The European Union’s borders must reopen fast as coronavirus transmissions ease, with air passengers wearing masks, the bloc’s executive was to say on Wednesday in efforts to salvage the ravaged tourism sector for the lucrative summer season.
Europe’s museums, castles, beaches and plazas have been empty since an almost continent-wide lockdown from mid-March, but the EU wants to revive what is possible of travel for the June-August season worth 150 billion euros ($162.59 billion).
Draft proposals seen by Reuters say the bloc’s executive, the European Commission, will on Wednesday urge a return to “unrestricted free movement”, though that push will stop if there is a major second wave of infections.
It was not clear whether non-Europeans would be allowed to visit this summer, with the Commission saying: “Domestic and intra-EU tourism will prevail in the short-term.”
The pandemic has pulverised the global economy but hit travel particularly hard. The World Tourism Organisation expects losses of 280 to 420 billion euros for the industry this year, amid a 20%-30% reduction in international arrivals.
While the Commission can only make non-binding recommendations to governments that have control over their borders, Brussels did offer some specifics.
Airlines and airports must insist passengers wear masks, but there is no need to leave the middle seat empty on planes, the draft proposals said.

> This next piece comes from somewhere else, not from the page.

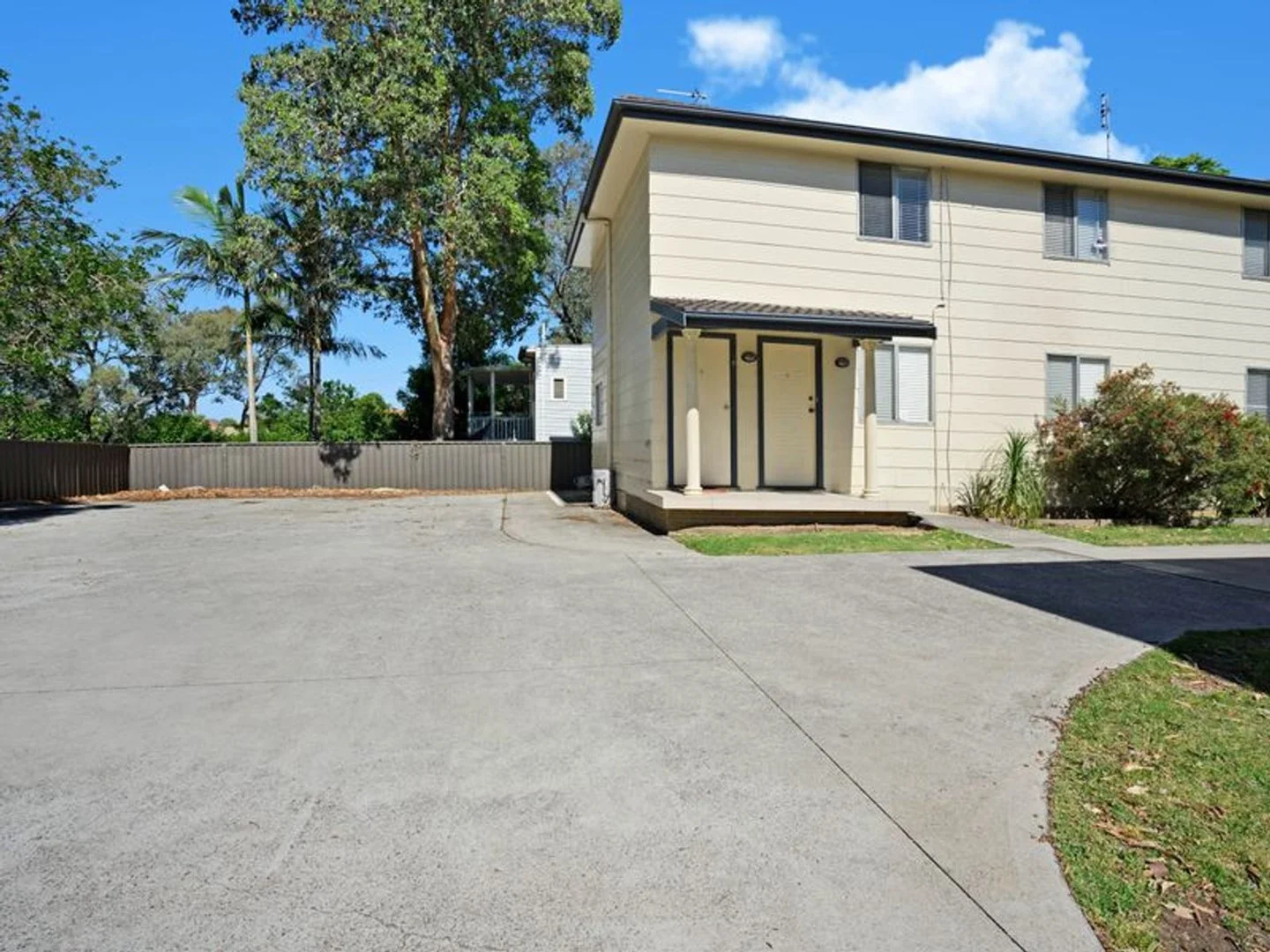 8/235 New England Highway, Rutherford NSW 2320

People should be able to stay in hotels, eat in restaurants or go to beaches safely, the draft added, though it cautioned that would change if there is a new wave of infections.
“Until a vaccine or treatment is available, the needs and benefits of travel and tourism need to be weighed against the risks of again facilitating the spread of the virus that may result in a resurgence of cases, possibly leading to a reintroduction of confinement measures,” the draft said.
Nearly all travel has been halted in Europe – a huge economic blow given the sector contributes almost one tenth of output.
Even within the “Schengen” area, where borders are normally invisible between 26 EU and other European countries, at least 17 nations have put emergency border controls in place.
The three Baltic states have already decided to reopen borders to each others’ citizens from May 15, creating a “travel bubble” within the EU.
Austria plans to reopen its border with Germany on June 15.
But elsewhere, there is great caution.
Tourism-dependent Spain and others are moving towards imposing a two-week quarantine period for travellers arriving from abroad, even as they ease strict lockdowns.
The Commission estimates some 6.4 million jobs – more than half of the tourism workforce – could be lost.
The sector already suffered an 80-90% loss in turnover in the first quarter of 2020, four hospitality industry lobby groups said, and is braced for a disastrous summer season as the EU faces its deepest-ever recession.